Lena was always a good Bible girl, even if she didn’t go to church much, being a Canary and all. God alone knows where she got her religious tendencies. She said, “The Lord will bring us back together someday. Don’t fear on that count.”
But I did fear. I feared down to the depths of my soul, to the bottom of my well of strength, which was rapidly running dry. I didn’t know how to answer, so I pulled Lena tighter against my chest. I rocked her gently, side to side, and sang softly in her ear.
I never possessed a suitable voice for singing—not even as a child, and a child’s voice is supposed to be high and sweet. But I sang anyway. I sang to drive away the hate I felt for myself; I despised myself passionately for giving Baby Sara away. And I sang to drive away the relief I felt at the mere thought of finding a place for Lena—and for Isabelle, and Cilus and Lije. Oh, how I wanted to free the little ones from that life of privation and failure. And how I wanted—more desperately than I can say—to hold our family together.

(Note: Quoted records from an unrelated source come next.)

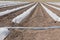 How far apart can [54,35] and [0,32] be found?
3.80 feet

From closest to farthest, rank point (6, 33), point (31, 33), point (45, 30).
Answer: point (6, 33) < point (31, 33) < point (45, 30)

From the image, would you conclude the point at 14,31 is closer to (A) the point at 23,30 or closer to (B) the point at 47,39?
(A) the point at 23,30

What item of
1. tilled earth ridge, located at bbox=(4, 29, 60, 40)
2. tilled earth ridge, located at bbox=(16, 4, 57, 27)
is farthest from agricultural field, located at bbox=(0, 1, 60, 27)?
tilled earth ridge, located at bbox=(4, 29, 60, 40)

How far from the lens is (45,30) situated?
400 centimetres

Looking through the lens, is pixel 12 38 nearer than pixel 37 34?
Yes

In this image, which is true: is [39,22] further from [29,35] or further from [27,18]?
[29,35]

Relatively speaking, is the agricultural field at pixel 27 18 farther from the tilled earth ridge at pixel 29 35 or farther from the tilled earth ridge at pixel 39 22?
the tilled earth ridge at pixel 29 35

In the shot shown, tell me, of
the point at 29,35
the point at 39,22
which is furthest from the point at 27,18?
the point at 29,35

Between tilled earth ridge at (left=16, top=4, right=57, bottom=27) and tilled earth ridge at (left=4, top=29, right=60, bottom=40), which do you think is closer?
tilled earth ridge at (left=4, top=29, right=60, bottom=40)

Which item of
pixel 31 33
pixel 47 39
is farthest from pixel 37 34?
pixel 47 39

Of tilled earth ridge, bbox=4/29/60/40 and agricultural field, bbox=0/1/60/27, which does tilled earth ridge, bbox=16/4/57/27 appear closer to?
agricultural field, bbox=0/1/60/27

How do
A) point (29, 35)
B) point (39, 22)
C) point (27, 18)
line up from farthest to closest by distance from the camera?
point (27, 18) < point (39, 22) < point (29, 35)

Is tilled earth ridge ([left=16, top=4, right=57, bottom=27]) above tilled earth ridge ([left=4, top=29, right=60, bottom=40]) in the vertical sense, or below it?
below

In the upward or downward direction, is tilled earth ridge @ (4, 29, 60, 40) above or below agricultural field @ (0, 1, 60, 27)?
above
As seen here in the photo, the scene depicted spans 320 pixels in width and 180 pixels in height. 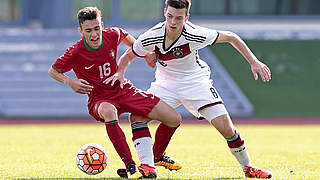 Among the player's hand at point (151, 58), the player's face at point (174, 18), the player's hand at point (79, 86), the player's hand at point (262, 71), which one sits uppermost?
the player's face at point (174, 18)

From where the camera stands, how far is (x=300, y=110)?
662 inches

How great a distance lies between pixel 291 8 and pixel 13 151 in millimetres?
13555

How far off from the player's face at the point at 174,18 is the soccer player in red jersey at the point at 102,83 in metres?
0.62

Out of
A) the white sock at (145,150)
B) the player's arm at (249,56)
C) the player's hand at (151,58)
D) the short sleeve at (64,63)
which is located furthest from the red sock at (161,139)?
the short sleeve at (64,63)

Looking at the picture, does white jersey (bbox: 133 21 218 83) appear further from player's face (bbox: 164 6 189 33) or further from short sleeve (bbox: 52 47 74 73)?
short sleeve (bbox: 52 47 74 73)

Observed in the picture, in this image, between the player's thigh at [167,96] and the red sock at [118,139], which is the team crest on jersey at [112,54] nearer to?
the player's thigh at [167,96]

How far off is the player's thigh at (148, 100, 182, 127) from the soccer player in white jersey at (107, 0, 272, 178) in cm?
16

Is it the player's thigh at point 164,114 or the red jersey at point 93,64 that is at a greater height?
the red jersey at point 93,64

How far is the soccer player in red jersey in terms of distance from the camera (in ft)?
20.2

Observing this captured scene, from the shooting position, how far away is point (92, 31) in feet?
20.3

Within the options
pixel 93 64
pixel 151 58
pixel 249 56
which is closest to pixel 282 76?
pixel 249 56

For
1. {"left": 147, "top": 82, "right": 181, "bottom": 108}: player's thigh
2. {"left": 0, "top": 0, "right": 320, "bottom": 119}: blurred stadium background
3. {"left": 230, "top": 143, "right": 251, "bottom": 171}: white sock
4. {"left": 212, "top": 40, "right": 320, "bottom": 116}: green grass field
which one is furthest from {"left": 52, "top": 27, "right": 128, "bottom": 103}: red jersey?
{"left": 212, "top": 40, "right": 320, "bottom": 116}: green grass field

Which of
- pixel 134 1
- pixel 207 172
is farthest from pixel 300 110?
pixel 207 172

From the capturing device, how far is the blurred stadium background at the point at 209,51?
1697cm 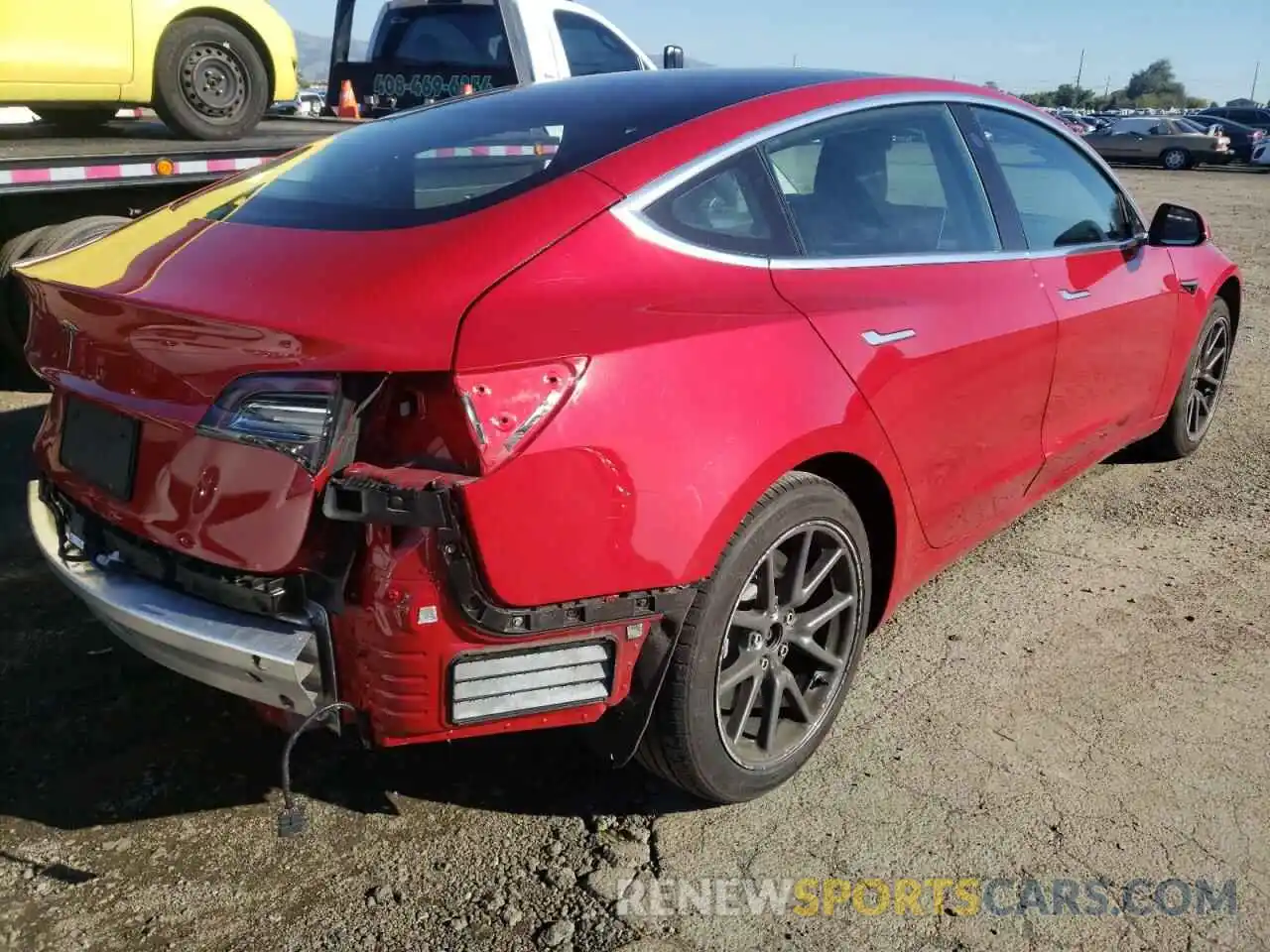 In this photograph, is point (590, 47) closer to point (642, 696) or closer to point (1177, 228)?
point (1177, 228)

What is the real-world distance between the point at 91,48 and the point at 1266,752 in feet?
20.0

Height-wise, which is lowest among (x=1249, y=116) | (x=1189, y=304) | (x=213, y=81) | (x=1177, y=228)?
(x=1189, y=304)

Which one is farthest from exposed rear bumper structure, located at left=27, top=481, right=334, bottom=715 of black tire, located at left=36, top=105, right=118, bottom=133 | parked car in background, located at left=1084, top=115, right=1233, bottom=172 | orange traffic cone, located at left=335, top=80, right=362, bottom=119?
parked car in background, located at left=1084, top=115, right=1233, bottom=172

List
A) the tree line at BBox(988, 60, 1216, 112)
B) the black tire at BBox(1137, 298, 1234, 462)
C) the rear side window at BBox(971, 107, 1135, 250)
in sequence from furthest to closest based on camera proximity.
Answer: the tree line at BBox(988, 60, 1216, 112) → the black tire at BBox(1137, 298, 1234, 462) → the rear side window at BBox(971, 107, 1135, 250)

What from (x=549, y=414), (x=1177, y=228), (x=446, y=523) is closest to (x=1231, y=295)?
(x=1177, y=228)

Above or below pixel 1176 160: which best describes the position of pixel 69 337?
below

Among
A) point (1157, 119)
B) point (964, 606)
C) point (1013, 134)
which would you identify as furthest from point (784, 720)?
point (1157, 119)

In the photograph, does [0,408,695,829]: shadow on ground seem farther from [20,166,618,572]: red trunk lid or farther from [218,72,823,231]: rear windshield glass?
[218,72,823,231]: rear windshield glass

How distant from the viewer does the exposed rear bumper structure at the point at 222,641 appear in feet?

Dear Lena, I tried. You never forgave me for all the ways I failed, but when I held you close in the firelight, when I sang to you in my cracked, unsatisfactory voice—and sang from the middle of my very soul—I hope you knew then that I tried.
The Heroine of Whoop-Up
What words can I find to express the relief I felt when at last we reached the rail camp outside Piedmont, Wyoming? The camp was about the ugliest place I’d ever seen, an orderless assemblage of canvas tents with roofs that flapped slowly in a lazy wind. Here and there, shacks made of old wood—busted up wagons, I suspect—crouched among the tents. The ground was flattened from the tramping of countless feet, all the grass worn away, so a haze of dust hung above the hot, dry earth. The camp didn’t seem like any type of home—an unlikely place to cultivate hope. But for me and my brothers and the two sisters who remained, it meant the end of the trail—and so my first sight of that camp was a blessing, a balm to my aching heart.